Burada yazan tüm yazılar ona aitti. Tüm deneyimler ona aitti. İğrençlikler, canilikler ve paranoyalar… hepsi kendisine aitti.

 

“Bunları yapacak kadar çaresiz ve kaybolmuş olmam.”

 

O anda anladı. Neden uyuşturucu kullanmaya başladığını ya da tüm yazılarında uyuşturucudan bahsettiğini anladı.

 

“Çünkü tek kurtuluşum oydu. Dertlerden ve korkulardan.”

 

Duvardaki yazılara dokundu. Hepsi kendi kanıyla yazılmıştı. O anda nasıl bir kafaya sahip olduğunu hissetti. Biraz korktu ama iğrenmeden kabullenmek istedi.

 

“İlahlar tarafından buraya çok önceden atıldım. Ancak uyuşturucunun etkisiyle, en rahat olduğum zamanların hayalini yaşadım; ilk geldiğim zamanların.”

 

Çok komik geliyordu. Övündüğü iradesi ve özsaygısı bu ormana karşı bozguna uğratılmıştı. Neden ilahların onu öldürmek için çabalamadığını anlıyordu. Çoktan on kere ölmüştü. Sadece ölümleri fiziksel değildi. Ancak ona da pek uzak değildi.

 

“Rahatlamam gerekiyor.”

 

Her şey ruhuna binmişti. Bu yükler kaldırabileceğinden fazlaydı.

 

Nedense o an çok güzel bir şey kokmaya başladı. Vücudu bir bölgeye doğru çekilmeye başladı. Tüm kalbiyle oraya gitmek istiyordu.

 

Dilini ısırdı.

 

“Hmph!”

 

Acı tüm dikkatini dağıttı. Güzel koku yok oldu ve çekim gücü etkisini kaybetti.
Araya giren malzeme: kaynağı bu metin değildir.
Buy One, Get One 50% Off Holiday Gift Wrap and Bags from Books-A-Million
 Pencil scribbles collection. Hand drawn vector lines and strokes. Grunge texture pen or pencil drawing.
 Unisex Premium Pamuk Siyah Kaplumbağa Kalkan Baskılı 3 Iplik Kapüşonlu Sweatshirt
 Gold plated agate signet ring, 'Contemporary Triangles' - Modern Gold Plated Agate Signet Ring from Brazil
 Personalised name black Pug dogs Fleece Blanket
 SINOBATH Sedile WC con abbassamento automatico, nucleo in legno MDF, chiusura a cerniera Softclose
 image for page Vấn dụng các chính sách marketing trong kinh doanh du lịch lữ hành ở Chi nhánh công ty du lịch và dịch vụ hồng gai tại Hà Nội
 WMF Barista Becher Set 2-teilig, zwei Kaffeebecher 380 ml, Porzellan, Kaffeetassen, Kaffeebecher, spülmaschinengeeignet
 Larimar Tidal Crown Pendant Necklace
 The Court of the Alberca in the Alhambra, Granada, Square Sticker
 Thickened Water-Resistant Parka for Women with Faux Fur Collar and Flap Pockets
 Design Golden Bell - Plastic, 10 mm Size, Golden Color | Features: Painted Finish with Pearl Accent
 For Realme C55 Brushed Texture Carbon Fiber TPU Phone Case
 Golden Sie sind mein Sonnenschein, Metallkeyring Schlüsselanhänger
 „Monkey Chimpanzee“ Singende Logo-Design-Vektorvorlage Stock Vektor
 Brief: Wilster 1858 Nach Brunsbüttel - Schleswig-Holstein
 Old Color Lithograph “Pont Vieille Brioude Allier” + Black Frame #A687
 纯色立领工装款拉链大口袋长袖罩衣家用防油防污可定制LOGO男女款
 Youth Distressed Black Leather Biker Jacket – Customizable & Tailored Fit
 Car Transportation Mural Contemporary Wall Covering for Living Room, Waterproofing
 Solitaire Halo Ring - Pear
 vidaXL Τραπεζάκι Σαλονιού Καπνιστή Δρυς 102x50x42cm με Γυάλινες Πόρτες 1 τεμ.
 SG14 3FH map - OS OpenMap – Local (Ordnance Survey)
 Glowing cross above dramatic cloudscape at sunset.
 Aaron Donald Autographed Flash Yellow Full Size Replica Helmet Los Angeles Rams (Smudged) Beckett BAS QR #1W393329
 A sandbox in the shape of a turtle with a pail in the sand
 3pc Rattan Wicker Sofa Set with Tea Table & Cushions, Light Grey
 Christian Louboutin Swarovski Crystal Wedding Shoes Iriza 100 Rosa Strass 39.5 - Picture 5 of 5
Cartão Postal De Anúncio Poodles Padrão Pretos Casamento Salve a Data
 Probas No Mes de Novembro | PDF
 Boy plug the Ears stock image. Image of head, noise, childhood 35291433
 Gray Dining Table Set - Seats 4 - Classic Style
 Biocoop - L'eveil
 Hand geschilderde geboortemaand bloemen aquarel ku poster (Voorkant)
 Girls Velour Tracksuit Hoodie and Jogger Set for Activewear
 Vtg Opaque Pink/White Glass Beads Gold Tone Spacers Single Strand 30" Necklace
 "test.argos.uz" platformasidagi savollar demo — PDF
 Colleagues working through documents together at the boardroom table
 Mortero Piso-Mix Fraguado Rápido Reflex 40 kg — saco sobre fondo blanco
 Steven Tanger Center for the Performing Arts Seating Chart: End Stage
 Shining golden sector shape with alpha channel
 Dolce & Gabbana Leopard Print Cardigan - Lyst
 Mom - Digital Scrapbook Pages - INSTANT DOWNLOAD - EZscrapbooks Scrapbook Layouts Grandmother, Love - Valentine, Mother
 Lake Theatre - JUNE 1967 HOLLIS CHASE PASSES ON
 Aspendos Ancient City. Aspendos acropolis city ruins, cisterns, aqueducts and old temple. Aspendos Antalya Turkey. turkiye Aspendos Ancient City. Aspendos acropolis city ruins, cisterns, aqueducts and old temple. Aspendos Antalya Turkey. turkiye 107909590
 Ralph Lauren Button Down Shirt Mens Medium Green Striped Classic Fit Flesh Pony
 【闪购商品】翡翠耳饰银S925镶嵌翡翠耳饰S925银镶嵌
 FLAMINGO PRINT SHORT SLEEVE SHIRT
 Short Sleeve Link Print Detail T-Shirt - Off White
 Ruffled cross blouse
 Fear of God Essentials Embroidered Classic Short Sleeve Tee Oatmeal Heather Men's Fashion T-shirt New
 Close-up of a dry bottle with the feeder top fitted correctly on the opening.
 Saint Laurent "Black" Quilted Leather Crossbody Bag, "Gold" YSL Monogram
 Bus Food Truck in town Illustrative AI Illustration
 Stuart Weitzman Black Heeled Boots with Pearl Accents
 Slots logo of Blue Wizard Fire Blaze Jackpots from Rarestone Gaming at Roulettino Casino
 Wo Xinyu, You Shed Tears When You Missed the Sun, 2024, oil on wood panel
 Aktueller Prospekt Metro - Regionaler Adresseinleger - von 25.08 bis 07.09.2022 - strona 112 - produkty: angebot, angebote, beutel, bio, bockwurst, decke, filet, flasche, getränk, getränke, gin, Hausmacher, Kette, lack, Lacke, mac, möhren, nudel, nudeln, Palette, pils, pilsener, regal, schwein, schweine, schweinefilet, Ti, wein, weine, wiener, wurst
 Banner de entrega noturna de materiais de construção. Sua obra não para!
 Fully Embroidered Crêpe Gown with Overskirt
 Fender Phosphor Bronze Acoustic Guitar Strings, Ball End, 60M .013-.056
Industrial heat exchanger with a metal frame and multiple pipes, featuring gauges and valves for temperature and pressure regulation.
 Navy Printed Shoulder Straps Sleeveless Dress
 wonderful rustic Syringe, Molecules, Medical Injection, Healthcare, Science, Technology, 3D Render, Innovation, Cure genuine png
Kendisinden tiksinmeye başladı.

 

“Kara Orman beni tekrar öldürmek için an kolluyor. İradem yok olduğunda ben de yok olurum. Küçücük bir sendeleme bile ölümcül bir darbe yememe neden olabilir.”

 

Bu orman çok acımasızdı.

 

“Uyumam gerekiyor…”

 

Defteri ve değerli gördüğü eşyaları kutuya koydu ve üçüncü mezara tekrardan gömdü. Ardından tahtalardan büyük bir tabut yaptı ve onları kendisiyle birlikte mezara koydu.

 

“Tüm mesajları ezberledim! Bu sefer ben kazanacağım!”

 

Tabutun kapısını kapattı ve gözlerini kapattı. Gökyüzü karardıktan sonra yağmur yağmaya başladı ve zorlu hayatta kalma mücadelesi başladı.

 

Bir saat sonra…

 

Tak!

 

Tak!

 

Tak!

 

Sert bir şey tahta tabuta kuvvetlice vurdu.

 

Tısssss!

 

Tıssss!

 

Chirp!

 

Yılan tıslamaları ve iğrenç kokular Dean’ın duyularını rahatsız etmeye başladı. Dean gözlerini açmadan derin bir nefes aldı ve kulaklarını tıkadı. Böyle bir şey olacağını tahmin ettiğinden panik yapmamıştı.

 

Ne olursa olsun tabutu aralamamalı ve dışarı çıkmamalıydı.

 

Dışarı çıkarsa…

 

“Tekrardan kaybolurum.”

 

Sesler onu rahatsız etmeye devam etti. Sadece hayvan sesleri değil, duymak istemediği her şey kulağına bir fısıltı gibi geldi. Soğuk ürpertiler vücudunu sardı.

 

Ancak ne kadar ürkütücü ve acı verici olursa olsun Dean dışarı çıkmadı.

 

*

 

Sabah olduğunu hissettiğinde tabuttan dışarı çıktı. Çıkarken kutuyu da kendisi ile birlikte götürdü. Bu kutuyu ne olursa olsun yanından ayırmamalıydı.

 

Dışarı çıktığında sağır edici bir gürleme sesi duydu ve gözlerinin önündeki manzara tamamıyla değişti. Önceden parlak yeşil olan ağaçlar koyu yeşil renge büründü. Ağaçlar daha seyrekten daha sıkı hale gelmişti. Şu anda tamamen dezavantajlı bir alandaydı.

 

“Belliydi.”

 

Sağ ayağını hafifçe kaldırdı ve ayağını altındaki toprağa baktı.

 

“Düşündüğüm gibi…”

 

Ayağının altındaki çimenler ezilmiş parlak çimenlerdi. Bu çimenler yer değiştirmeden önce bulunduğu yerdendi.

 

“…sadece belli bir bölgeyi değiştiriyor. Benim yerimi değil.”

 

Ancak bunu doğrulaması gerekiyordu.

“Şimdi zamanı değil. Bu bana bir hayli zaman kaybettirecektir.”

 

Düşüncelerinin sadece belli bir kısmını dışarıdan söylüyordu. Şu anda ormanla bir savaş halindeydi. Ne kadar az bilgi sızdırırsa o kadar avantajlı olurdu.

 

Etrafa bir varlık olmadığını anladıktan sonra bir ağacın altına oturdu ve not defterini açtı. Son okuduğu sayfayı geçtikten sonra şaşırdı. Çünkü hiç alakası olmayan bir başlangıç vardı.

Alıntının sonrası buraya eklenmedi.